**Stored data:**
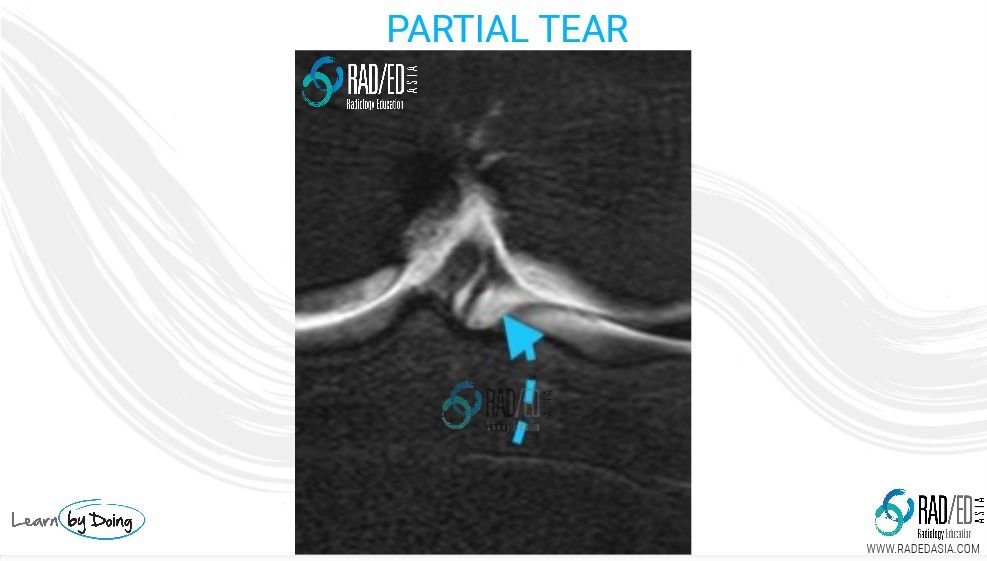 olk-13.1-partail-tear-tib-attach-knee-MRI-rea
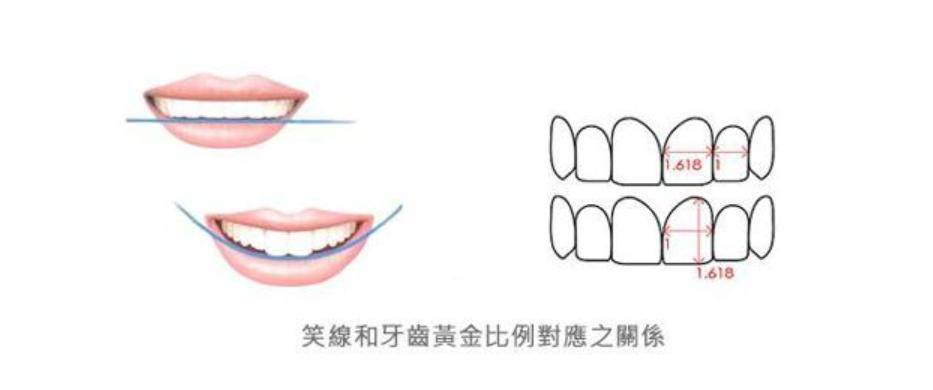 原創範芳醫生談牙齒美學標準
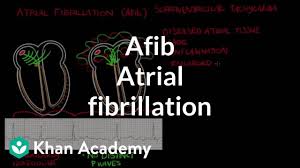 Atrial Fibrillation Afib Video Khan Academy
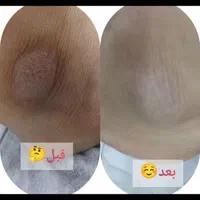 پدیکوریست خاص/ترک/پینه/قوزک|خدمات آرایشگری و زیبایی|قم, سالاریه|دیوار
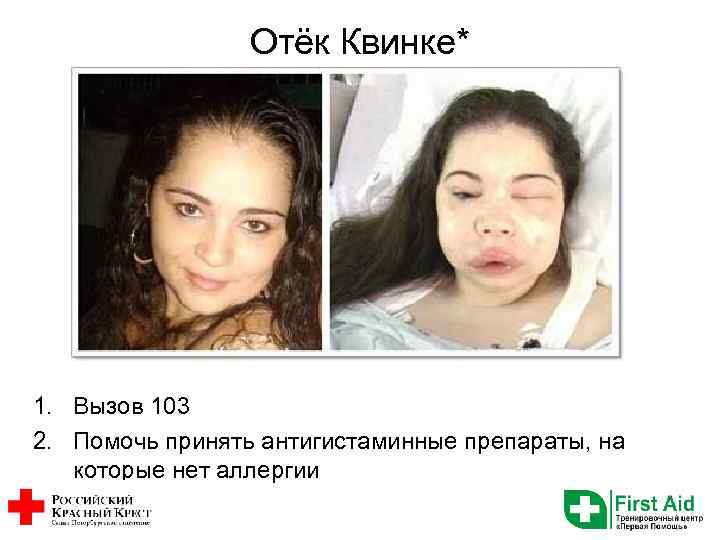 Отёк Квинке* 1. Вызов 103 2. Помочь принять антигистаминные препараты, на которые нет аллергии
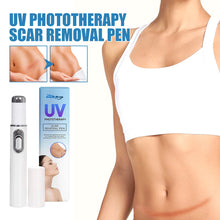 Lade das Bild in den Galerie-Viewer, UV Light Scar Pen Gentle Fade Repair Skin Scar Smooth Skin Light Scar Pen - stancevita
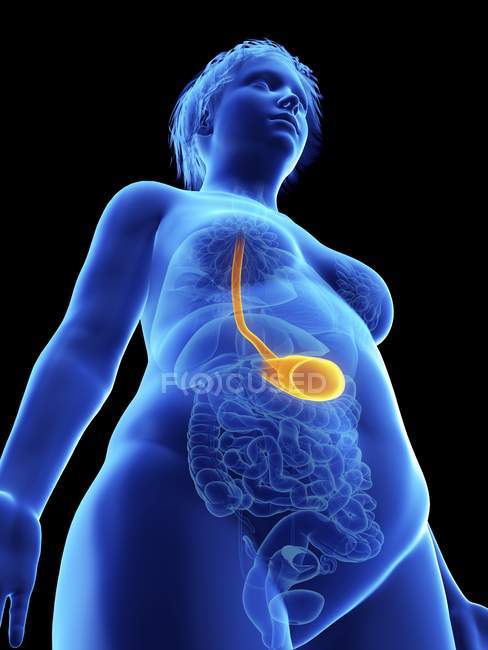 Low angle view illustration on black of silhouette of obese woman with highlighted stomach. — Stock Photo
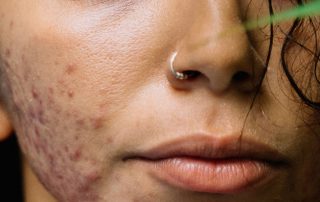 Acne Care Solutions for Your Clients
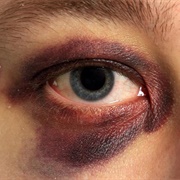 Black Eye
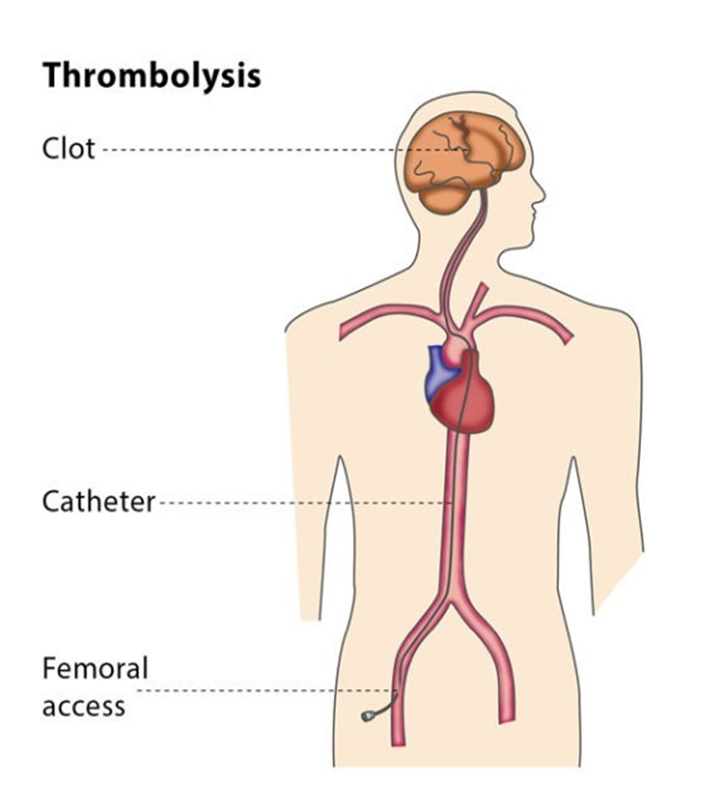 Тромболизис это. Катетер-управляемый тромболизис. Тромболизис как выглядит. Системный тромболизис рисунок.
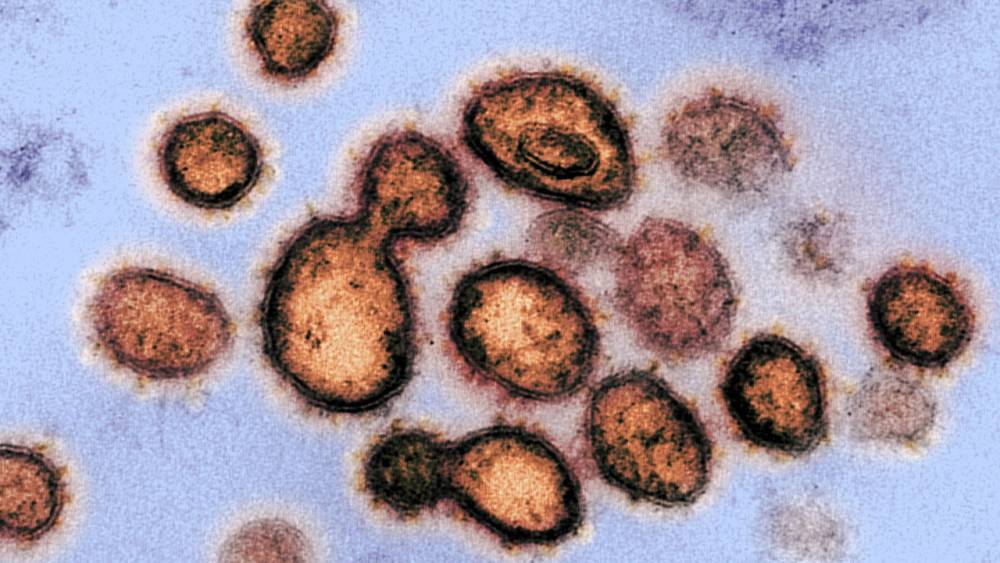 WHO launches global megatrial of the four most promising coronavirus treatments - sciencemag.org - Usa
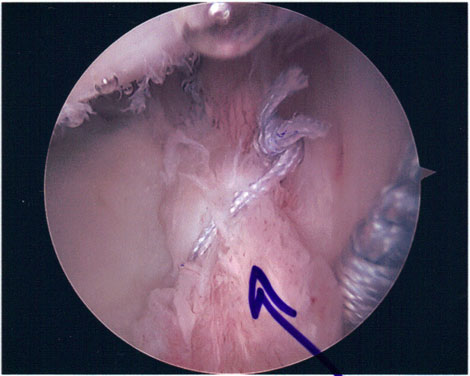 New Treatment for Shoulder SLAP Tear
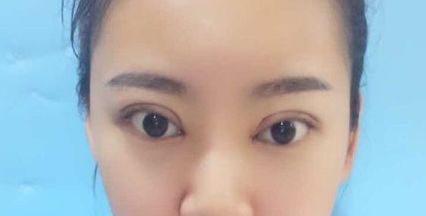 双眼皮不明显咋办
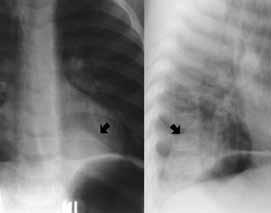 A drenagem venosa do SIL é feito pelas veias pulmonares e, do SEL, pelas veias sistêmicas.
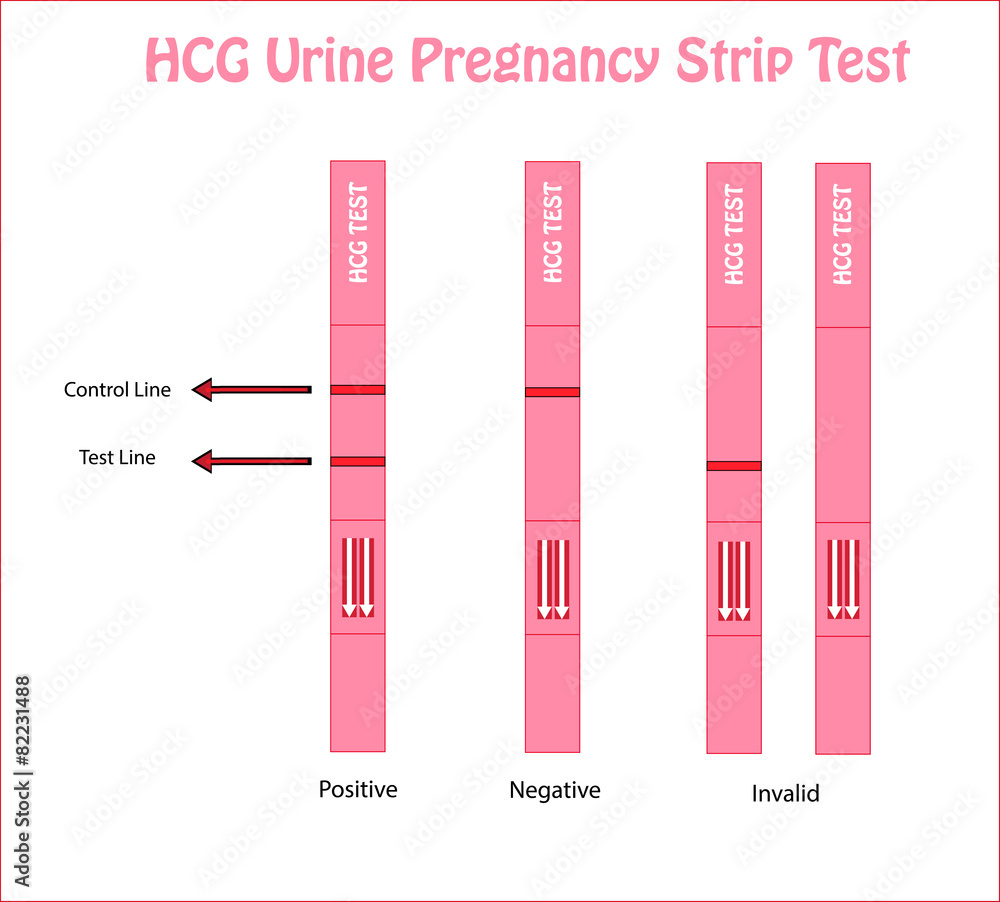 Pregnancy Urine Tests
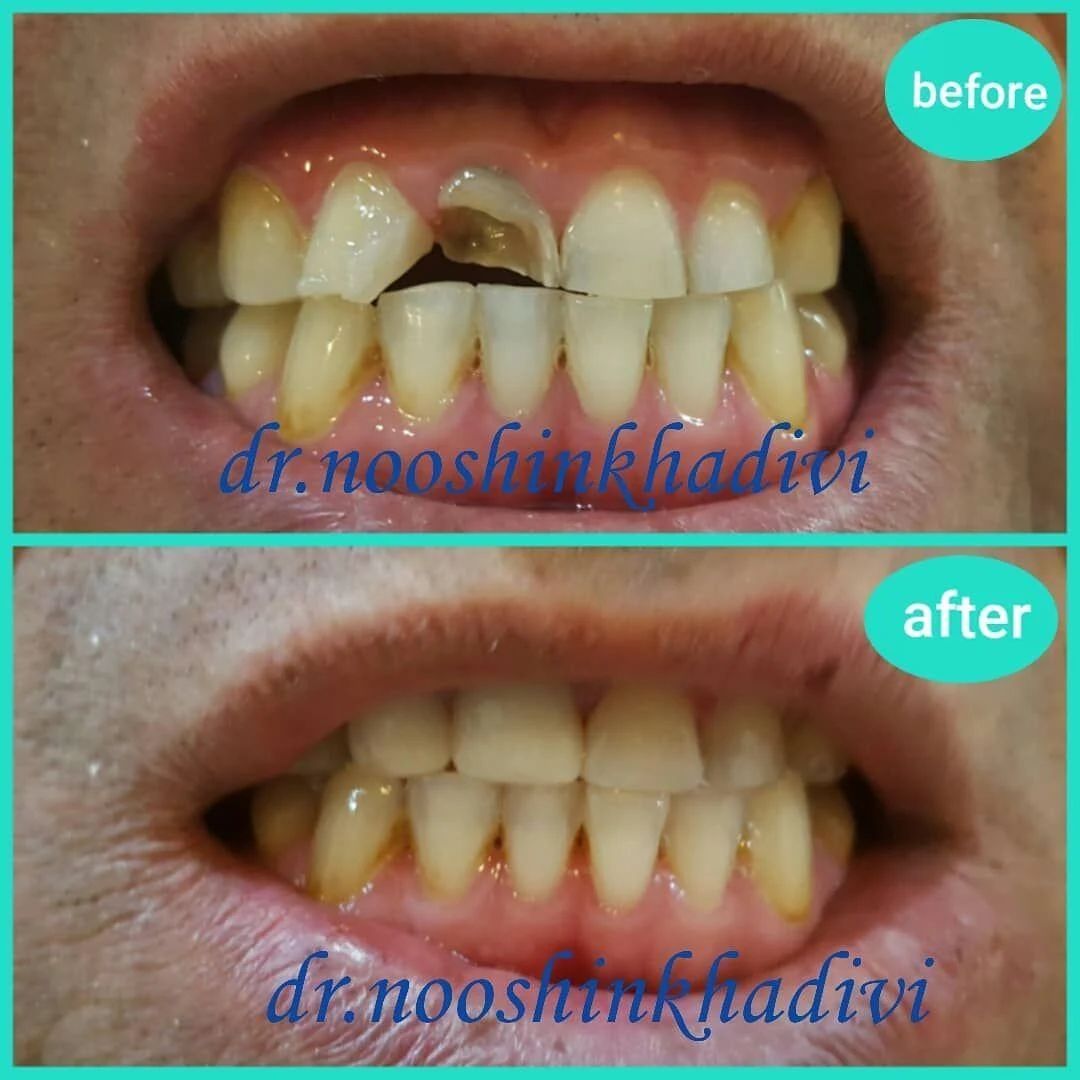 مطب دندانپزشکی دکتر نوشین خدیوی - تصویر 2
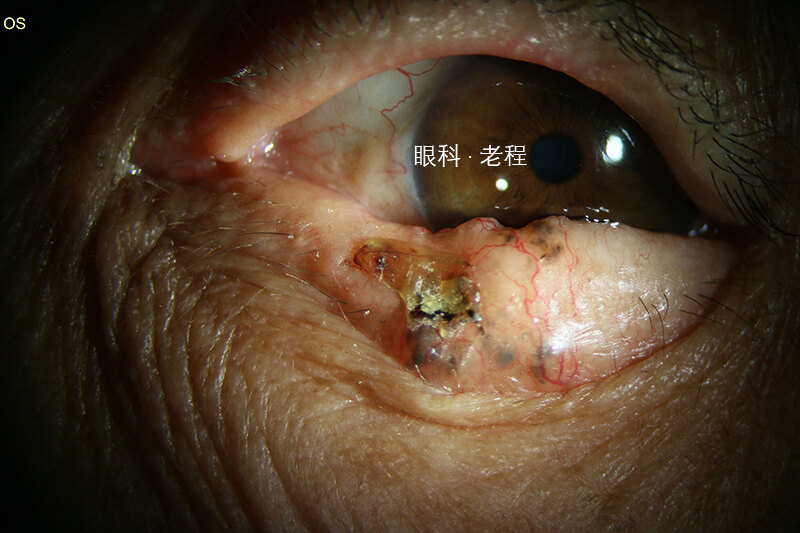 眼瞼惡性腫瘤系列之基底細胞癌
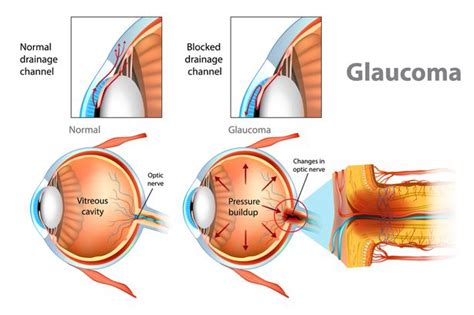 Causes Et Facteurs De Risque Du Glaucome Fmedic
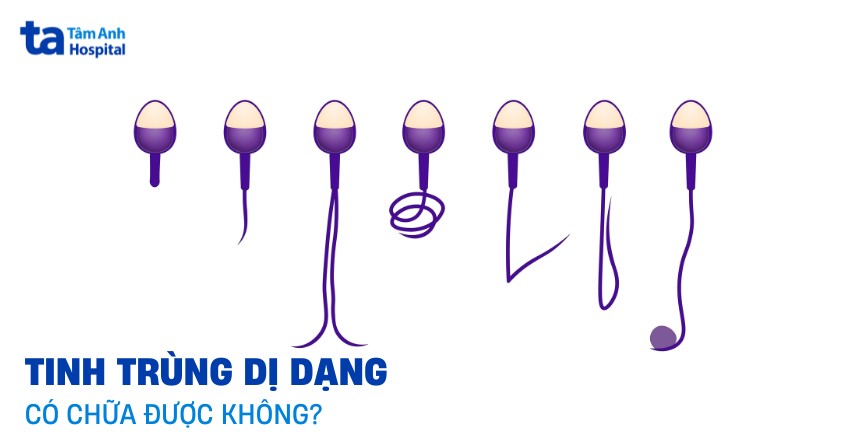 Tinh trùng dị dạng có chữa được không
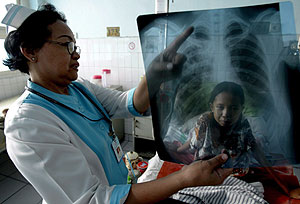 Una enfermera muestra la radiografa de una nia con tuberculosis en Indonesia. (Foto: EFE)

**YOUR OBJECTIVE:** Only the lines from the line with "Lade das Bild" to the end of the records should be repeated, exactly and without pictures.

**RESPONSE AREA:**
 Lade das Bild in den Galerie-Viewer, UV Light Scar Pen Gentle Fade Repair Skin Scar Smooth Skin Light Scar Pen - stancevita
 Low angle view illustration on black of silhouette of obese woman with highlighted stomach. — Stock Photo
 Acne Care Solutions for Your Clients
 Black Eye
 Тромболизис это. Катетер-управляемый тромболизис. Тромболизис как выглядит. Системный тромболизис рисунок.
 WHO launches global megatrial of the four most promising coronavirus treatments - sciencemag.org - Usa
 New Treatment for Shoulder SLAP Tear
 双眼皮不明显咋办
 A drenagem venosa do SIL é feito pelas veias pulmonares e, do SEL, pelas veias sistêmicas.
 Pregnancy Urine Tests
 مطب دندانپزشکی دکتر نوشین خدیوی - تصویر 2
 眼瞼惡性腫瘤系列之基底細胞癌
 Causes Et Facteurs De Risque Du Glaucome Fmedic
 Tinh trùng dị dạng có chữa được không
 Una enfermera muestra la radiografa de una nia con tuberculosis en Indonesia. (Foto: EFE)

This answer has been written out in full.